__WHAT YOU HAVE TO DO__: The task for the listing below is to write out exactly the lines starting at the one containing "732 15th Street SE #6 photo 21" and ending at the one containing "F5970 Olmo Downpour Carbon", both included. Pictures are to be omitted.

__LISTED RECORDS__:
--------

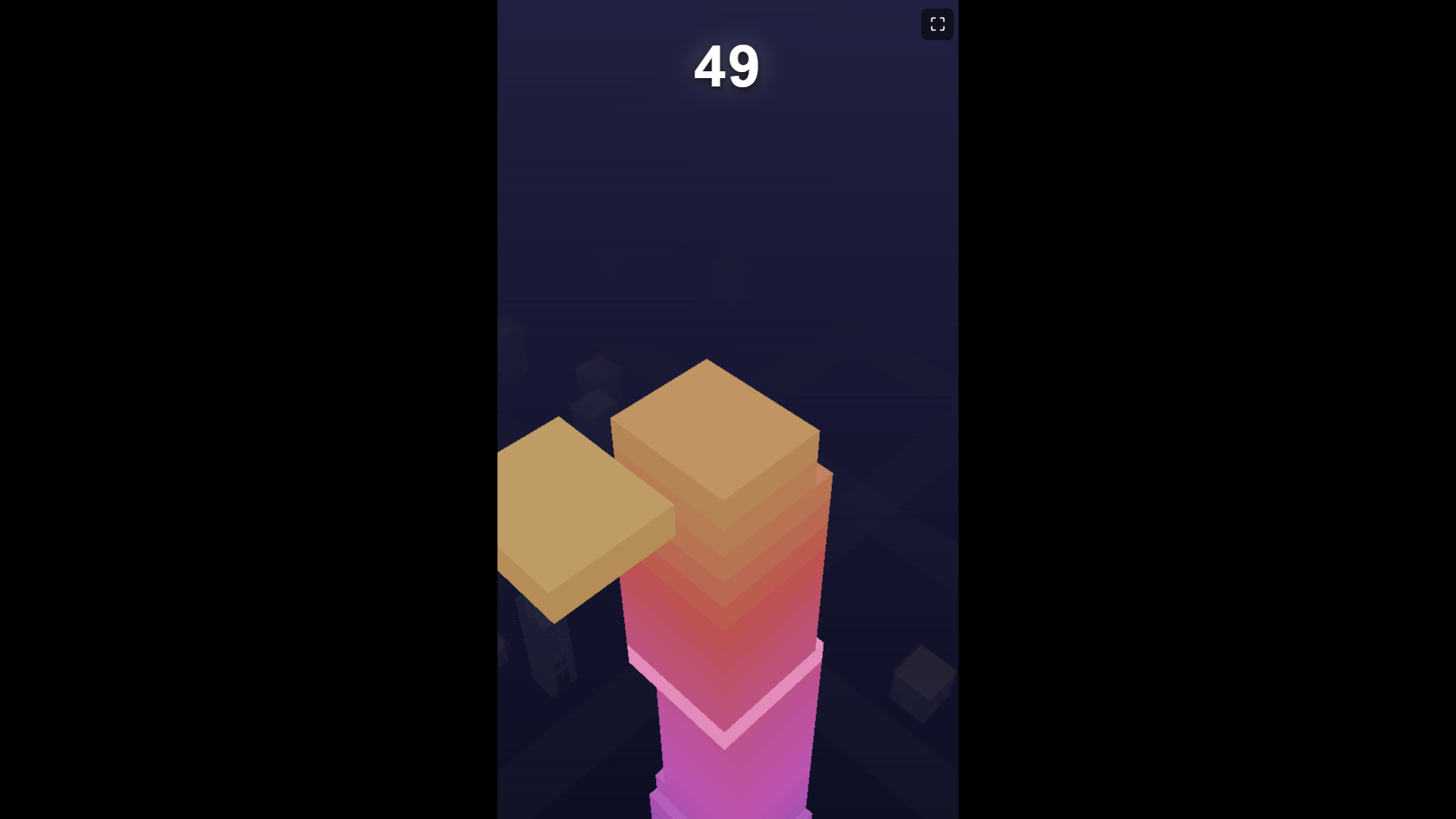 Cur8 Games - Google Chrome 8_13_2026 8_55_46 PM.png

--------

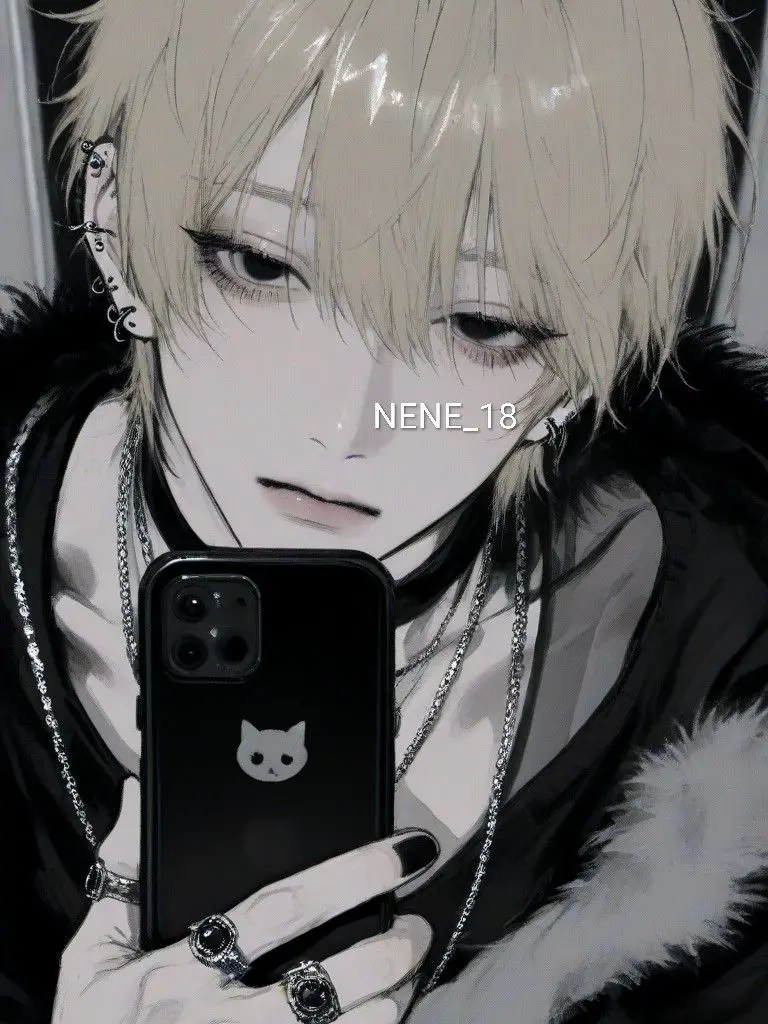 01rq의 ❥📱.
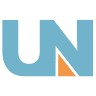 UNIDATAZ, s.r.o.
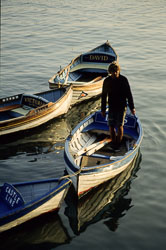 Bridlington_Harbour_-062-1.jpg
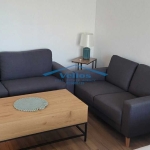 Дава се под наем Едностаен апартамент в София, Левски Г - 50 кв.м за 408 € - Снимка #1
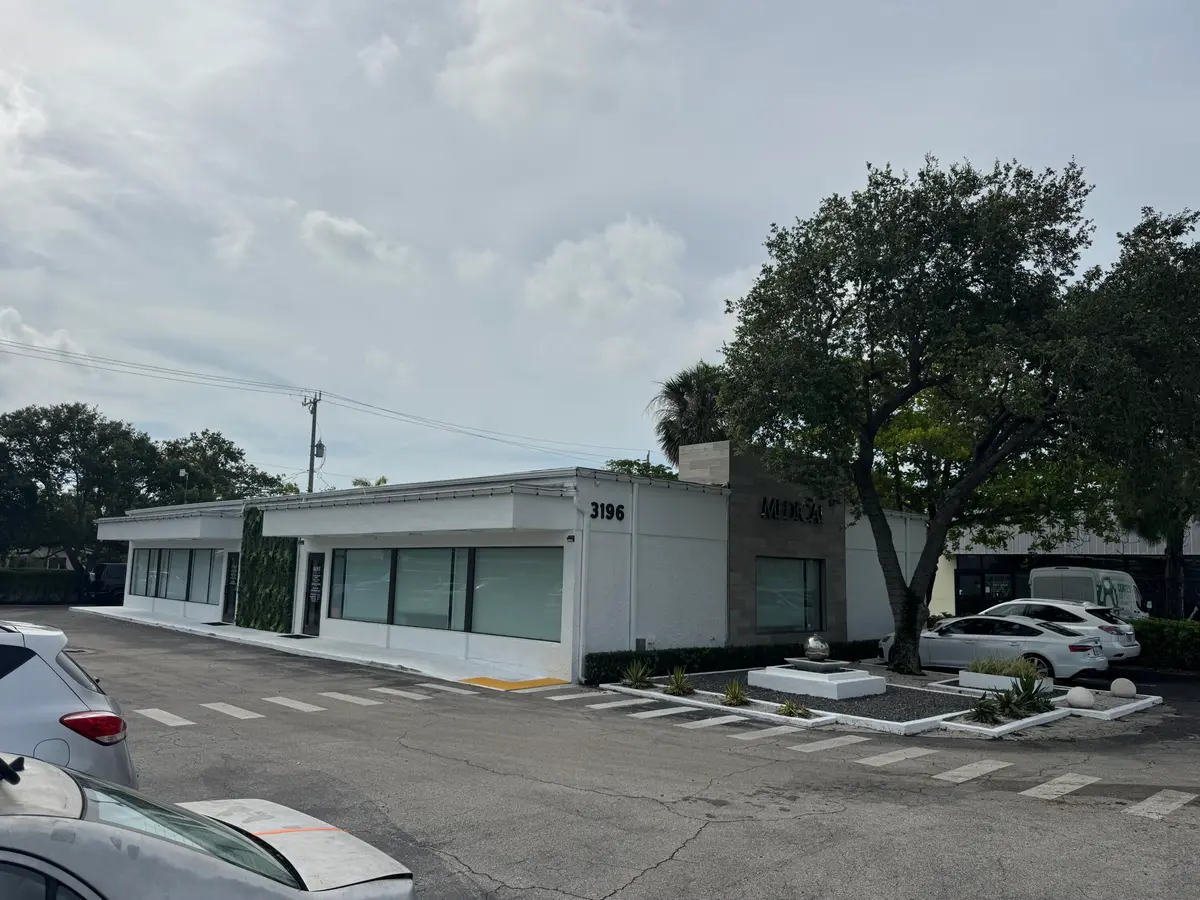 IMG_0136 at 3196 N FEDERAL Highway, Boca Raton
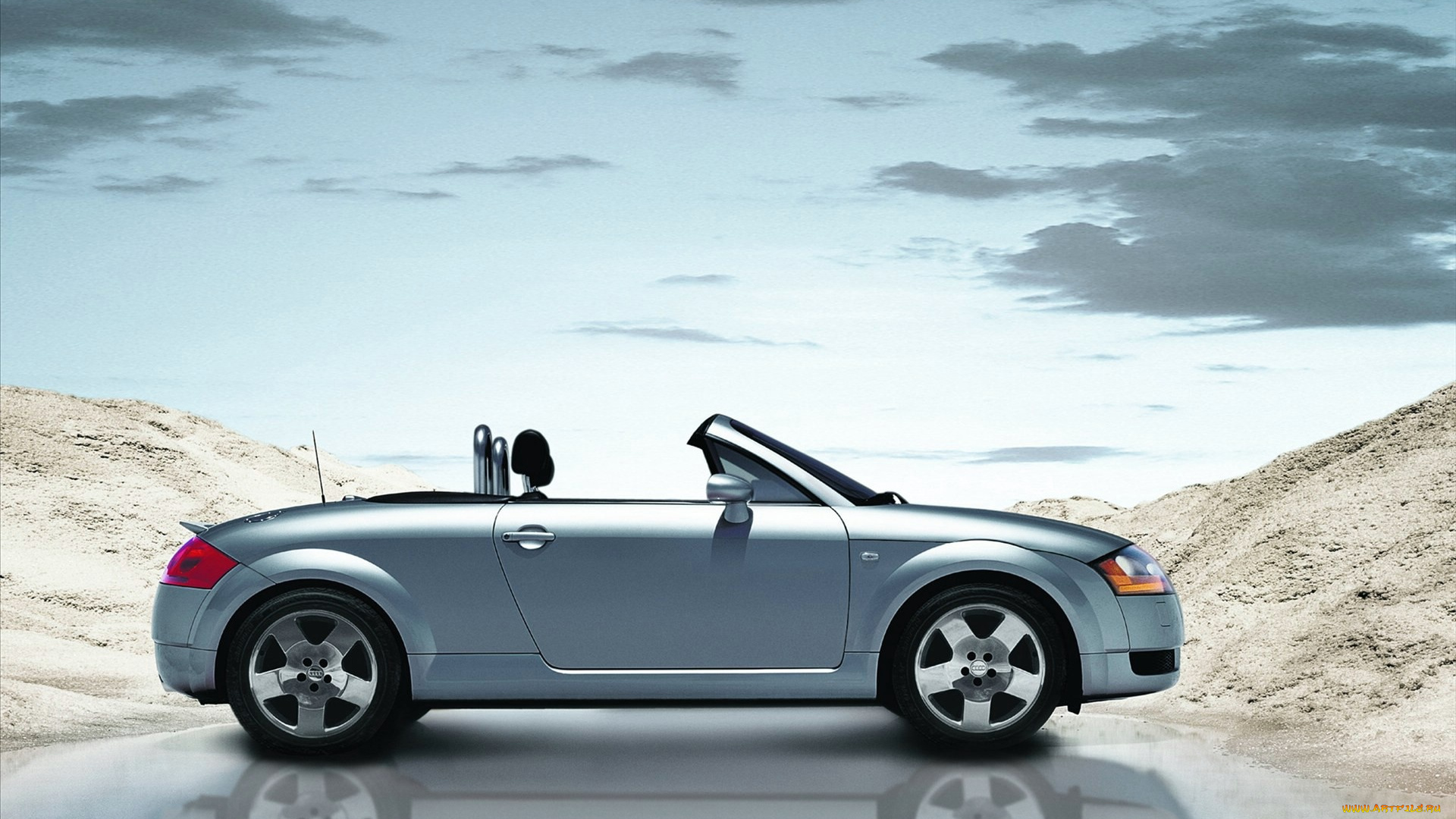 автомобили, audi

--------

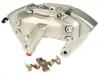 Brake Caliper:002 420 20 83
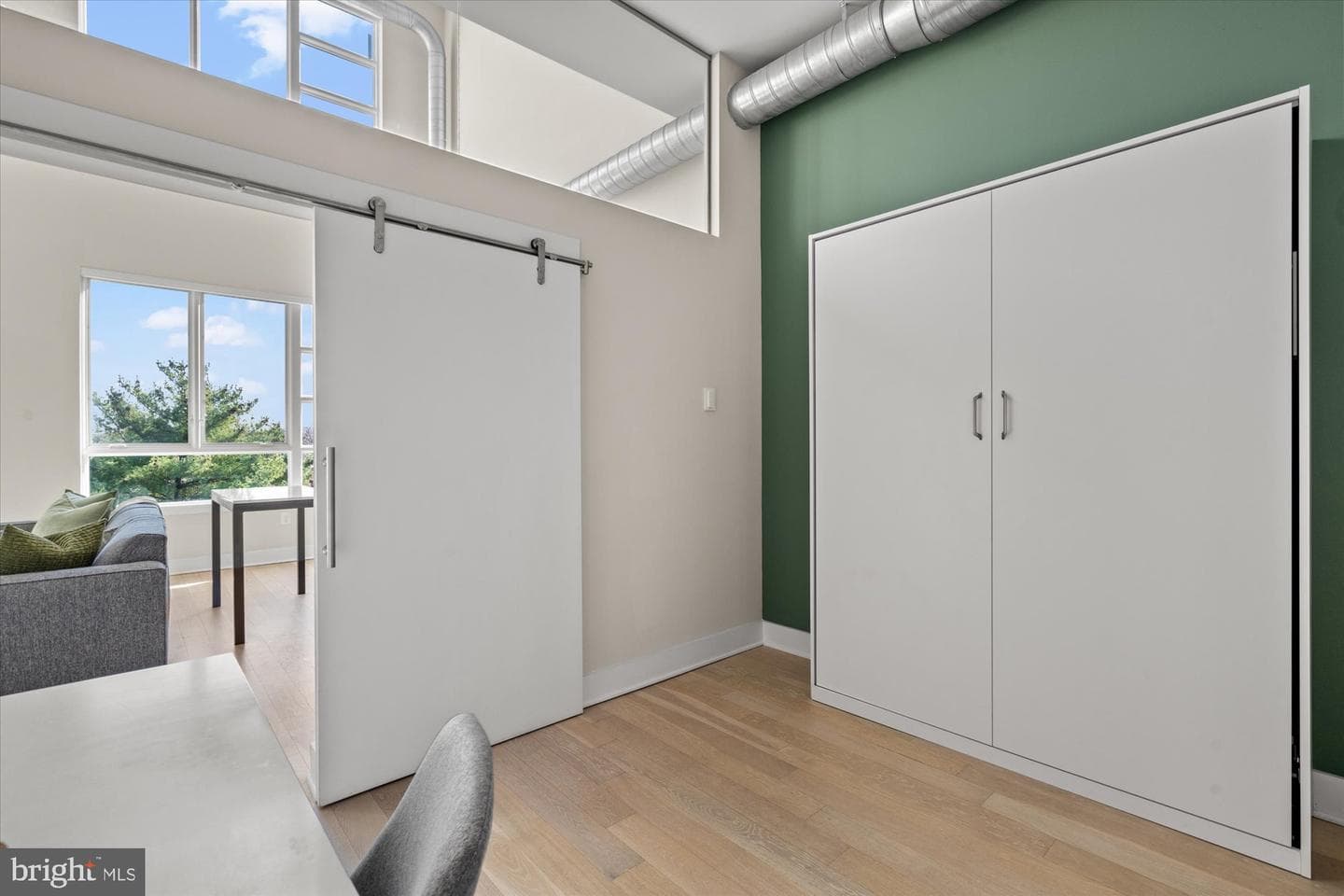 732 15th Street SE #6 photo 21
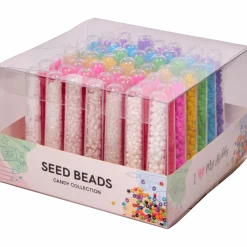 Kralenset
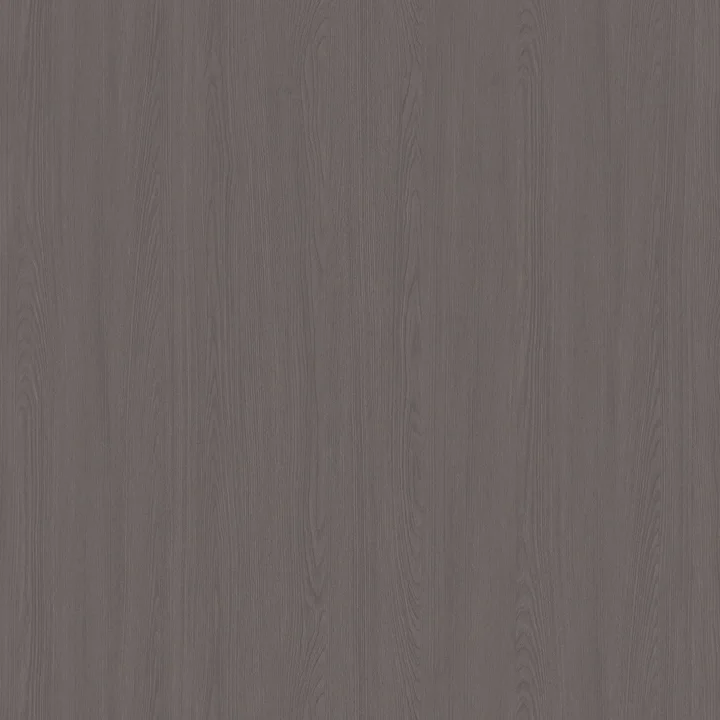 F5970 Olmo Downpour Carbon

--------

__WRITTEN ANSWER__:
 732 15th Street SE #6 photo 21
 Kralenset
 F5970 Olmo Downpour Carbon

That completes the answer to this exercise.